What you have to do:
From the line with "imageKiderence Toddler Girls" to the line with "4 black and", output every line below exactly, both ends included. Skip the pictures.

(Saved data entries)
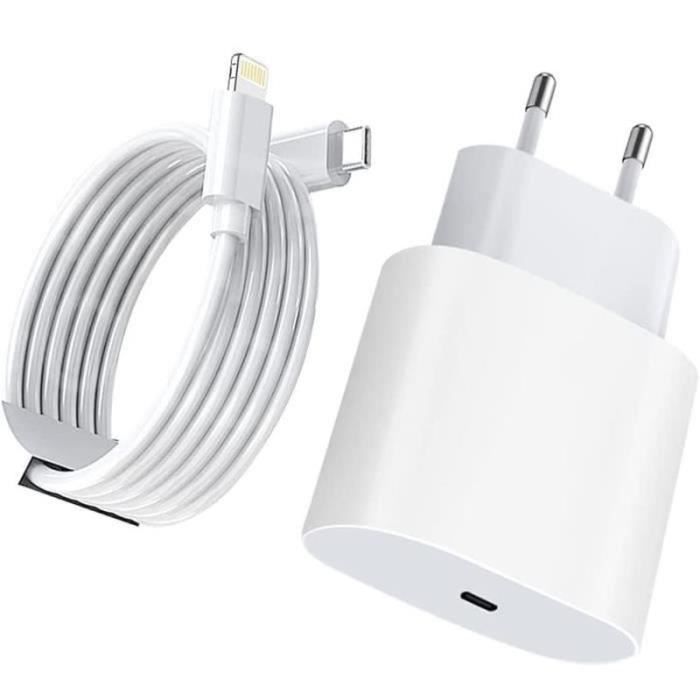 CHARGEUR TELEPHONE Chargeur Rapide iphone Chargeur c apple Chargeur iphone 13 Rapide USB C 20W avec 2m USB C to Lightning Cable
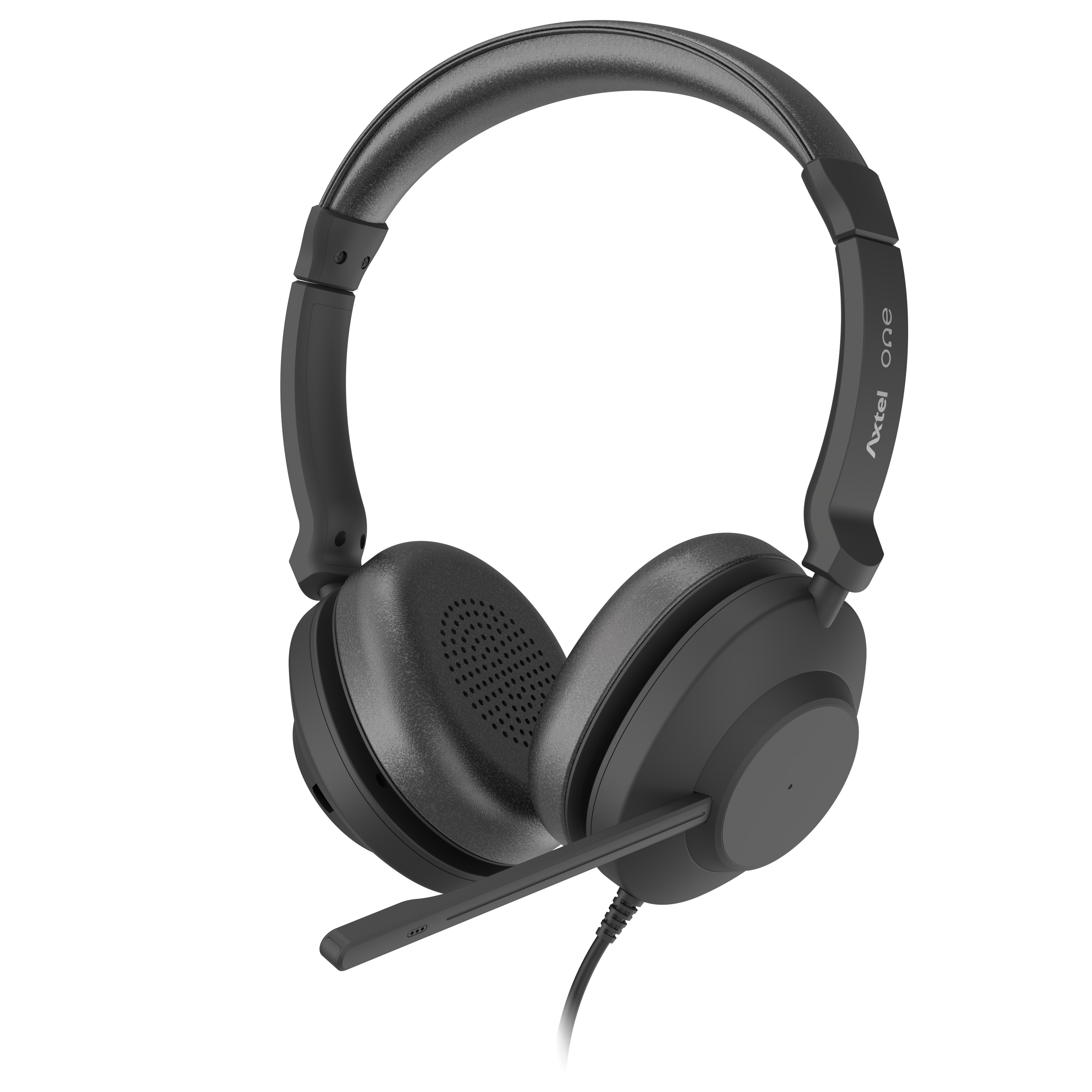 Czarny zestaw słuchawkowy z mikrofonem na białym tle.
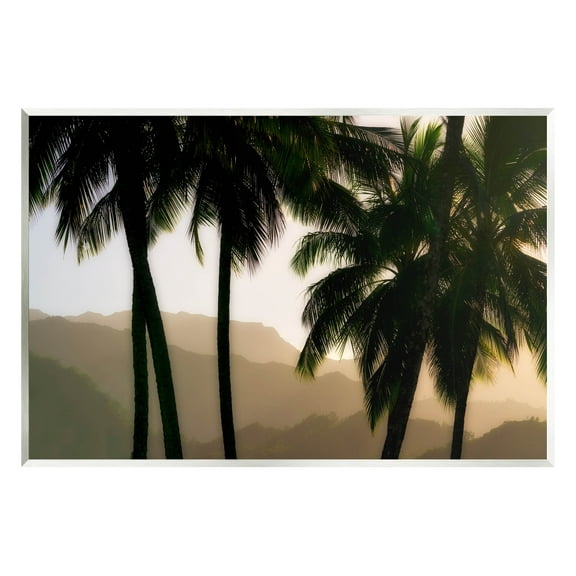 Stupell Industries Sunlit Palm Trees Mountain Peaks Photograph Unframed Art Print Wall Art, Design by Dennis Frates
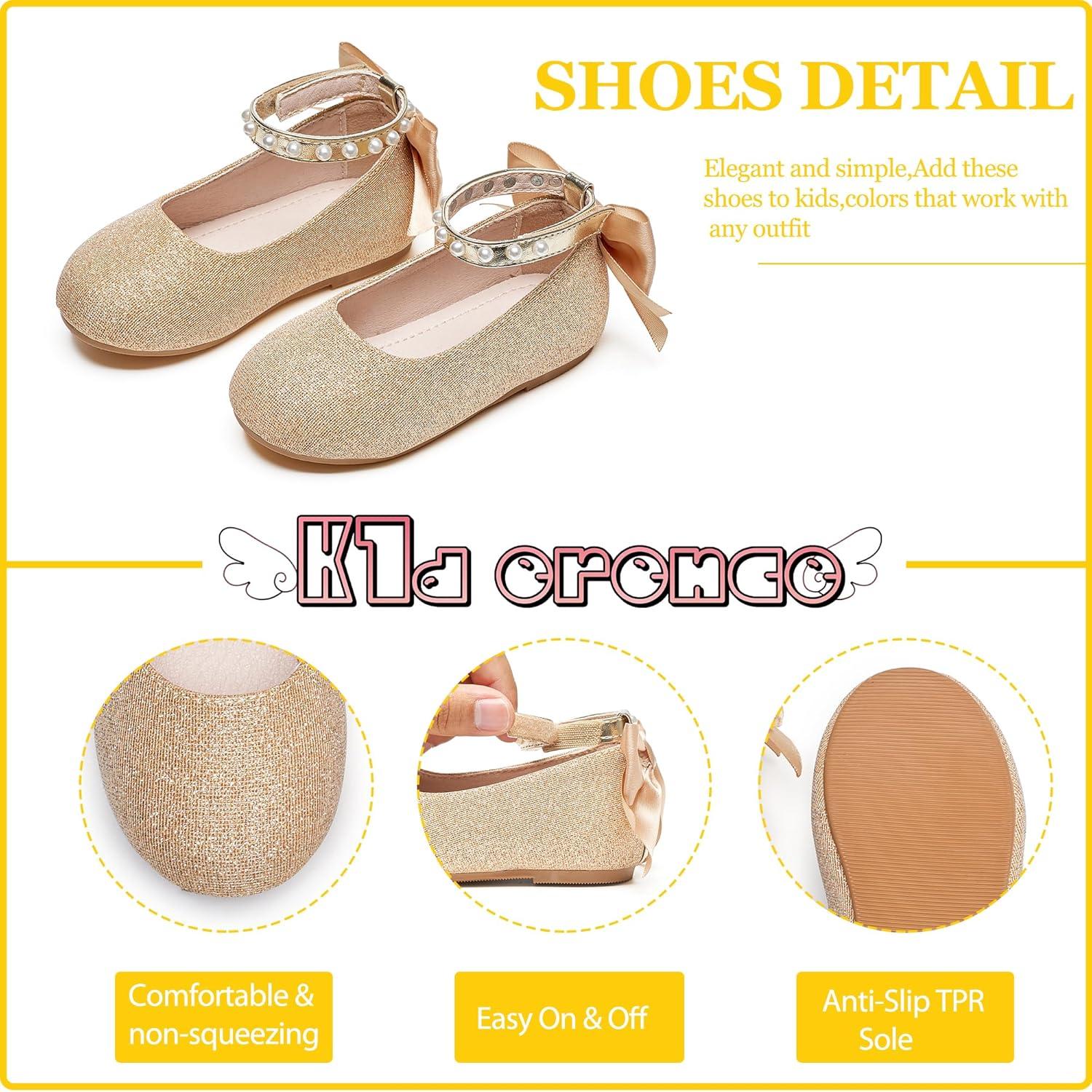 imageKiderence Toddler Girls Dress Shoes Little Kids Mary Janes Ballet Flats ToddlerCk601 Gold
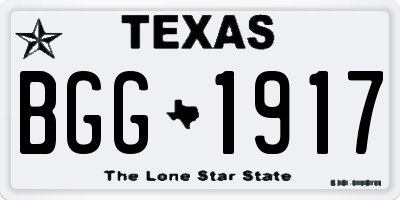 TX license plate BGG1917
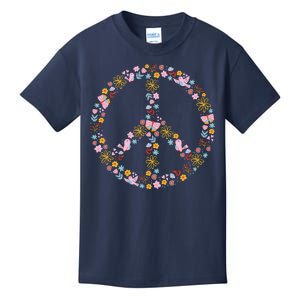 Floral Spring Peace Sign Kids T-Shirt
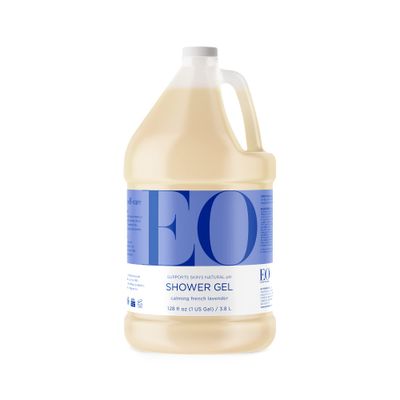 EO Shower Gel Body Wash Refill, 1 Gallon, French Lavender, Organic Plant-Based Skin Conditioning Cleanser with Pure Essentials Oils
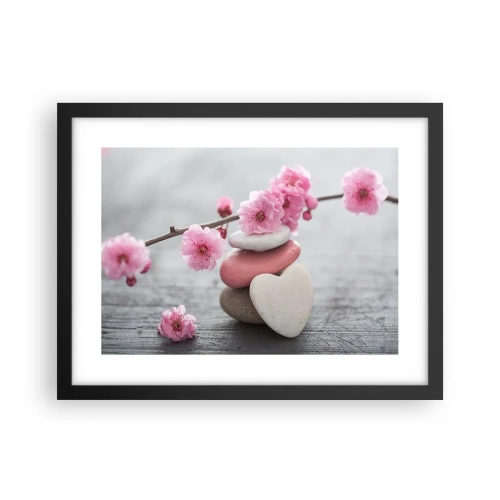 Poster in einem schwarzem Rahmen - Glückseligkeit mit einer Kirschblüte - 40x30 cm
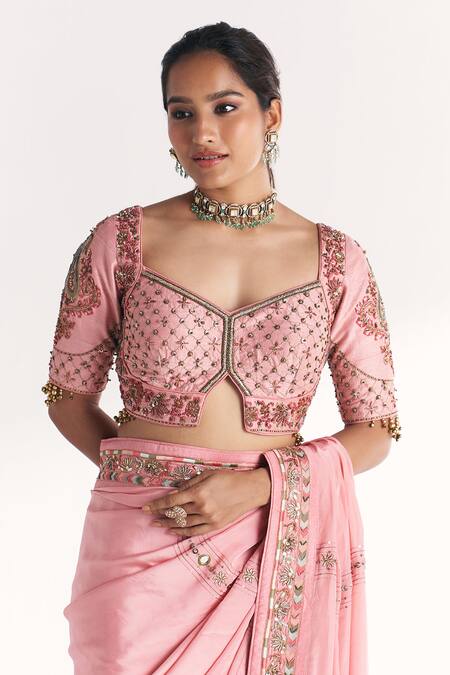 Studio Bagechaa_Pink Crepe, Shantoon Embroidery, Mirrors, Beads, Navya Light Saree With Blouse _Online_at_Aza_Fashions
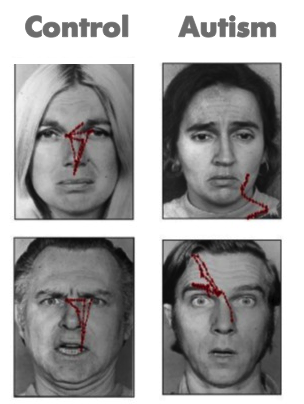 4 black and white photos of people's faces with red lines tracking around the face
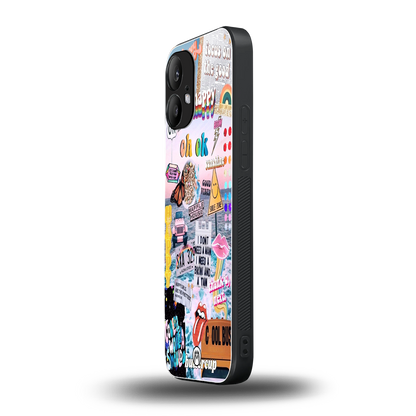 happy sunshine aesthetic collage back phone cover | glass case for nothing phone 2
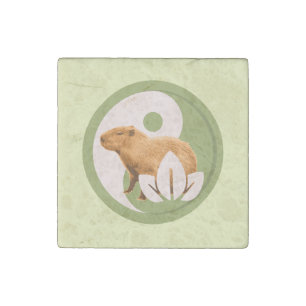 Zen Capybara Yin Yang Peaceful Nature Stone Magnet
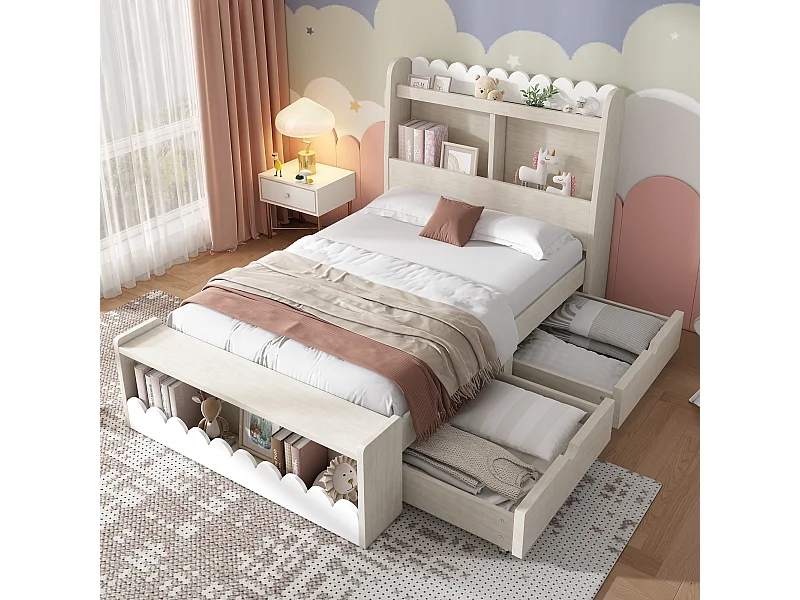 Lit pour enfant 90x200 cm avec rangement, étagères et banc avec rangement, cadre en bois et sommier, blanc et chêne clair (240x98x100 cm)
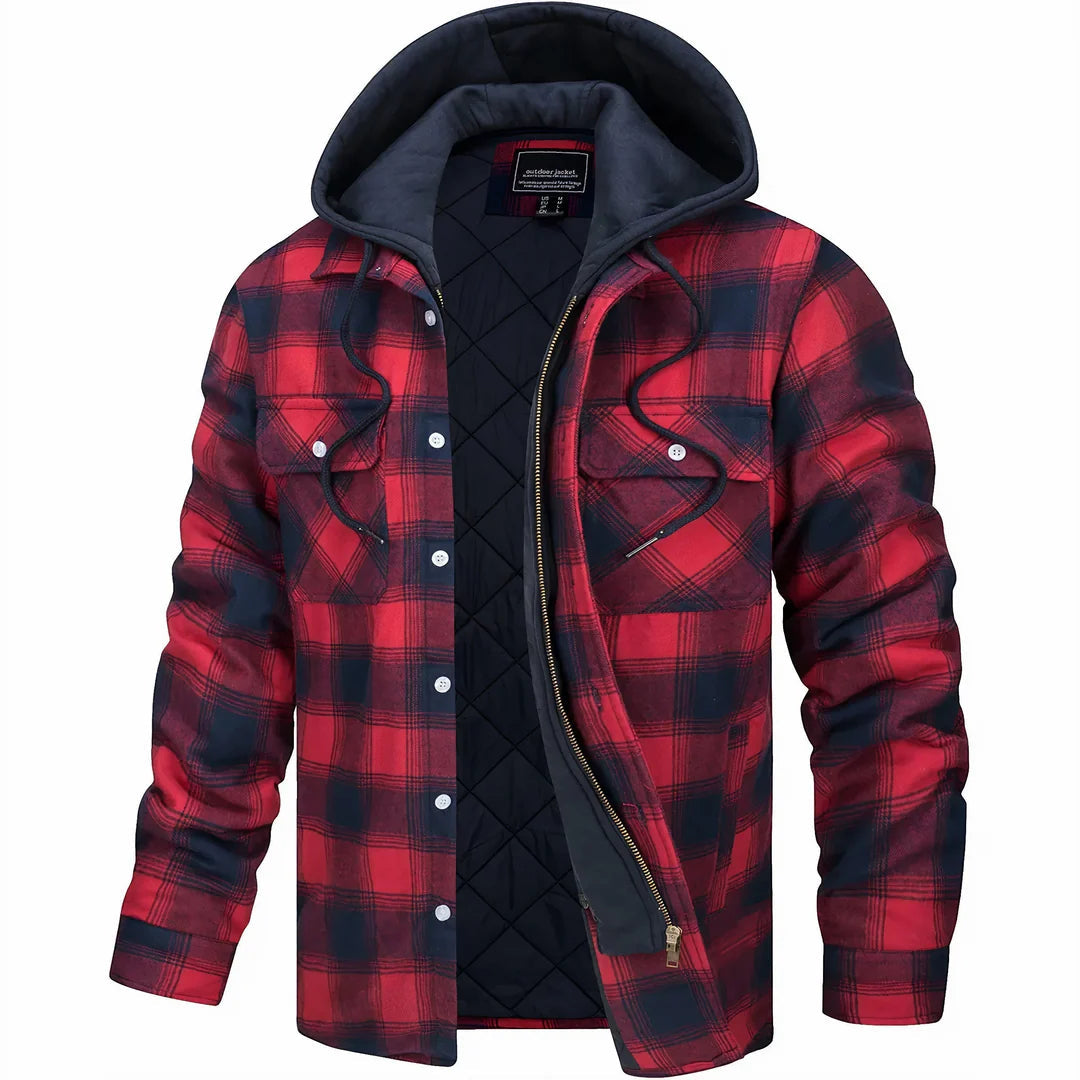 Karierte Herrenjacke mit Kapuze – Ansicht 6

Solved exercise:
 imageKiderence Toddler Girls Dress Shoes Little Kids Mary Janes Ballet Flats ToddlerCk601 Gold
 TX license plate BGG1917
 Floral Spring Peace Sign Kids T-Shirt
 EO Shower Gel Body Wash Refill, 1 Gallon, French Lavender, Organic Plant-Based Skin Conditioning Cleanser with Pure Essentials Oils
 Poster in einem schwarzem Rahmen - Glückseligkeit mit einer Kirschblüte - 40x30 cm
 Studio Bagechaa_Pink Crepe, Shantoon Embroidery, Mirrors, Beads, Navya Light Saree With Blouse _Online_at_Aza_Fashions
 4 black and white photos of people's faces with red lines tracking around the face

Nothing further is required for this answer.